Combined for a unique experience, Band and Vocal members performed various service songs at the beginning of the convo and in the middle. A different piece was performed for each branch of the military. When each branch was being represented, those who served or had a loved one who served in that respective area would stand. Coordinating these elements required careful planning and hours of practice.
“We [the band] utilized our class rehearsal time for two weeks prior to the performance and we communicated closely with Mr. [Joseph] Fitzgerald, Mr. [Nicholas] Kroon, and Mr. [Derek] Anderson to work with the choir and make sure we had the correct songs and order of songs for the performance,” trumpet player Isaac Robertson ’19 said. “I really enjoyed playing the service songs because I think the veterans really enjoyed it.”
Another school organization helping with the convo was National Honor Society. Various members spoke throughout the hour to honor veterans around the country and to share facts about the observance. Rusti Bassett ’19 had the role of recognizing veterans in the area.

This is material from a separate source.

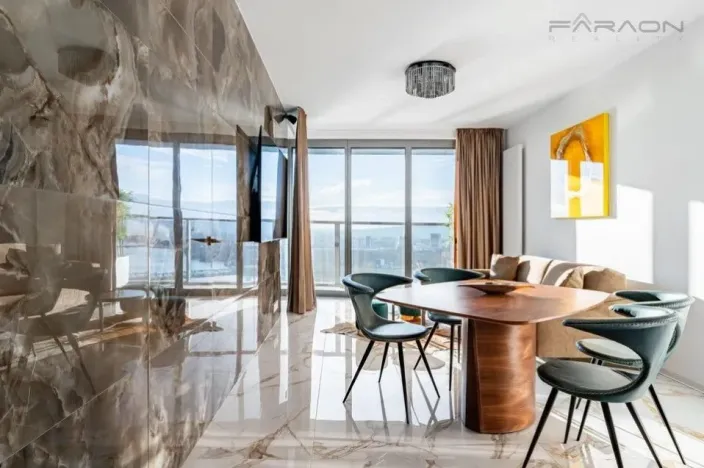 Prodej bytu 2+kk, Praha - Vinohrady, Polská, 61 m2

“This is my second year speaking at the convo,” Bassett said. “Preparing wasn’t that hard. I know that I had butchered some words in that speech but I know that I did [the] best to my ability. I am normally not the person to ever go and speak in front of 200+ people, but I went up there and talked.”
Along with students, veterans Mark Schoenrock and Lyle Bartles also made appearances. They shared personal experiences and honored those who have served in the military and those who continue to serve.
“The most memorable thing about the convo was hearing the stories from the veterans themselves,” Bassett said. “For some people, it is not every day that they are able to hear about the stories that these men had to go through in order to give us the freedom that we had.”
An exact definition of Veterans Day varies from perspective to perspective. A common theme that arises is that it is a day in which those who have been an active service member at any point in their lives should be recognized for their work. For Robertson, the meaning of this observance is a little more personal.
“Veterans Day to me means honoring all the veterans who have served our country,” Robertson said. “My grandpa served in the Marines, so I have a personal connection. They do things for us that are unimaginable when they are fighting for our freedom, and I am thankful every day that we have people who are willing to fight for our us.”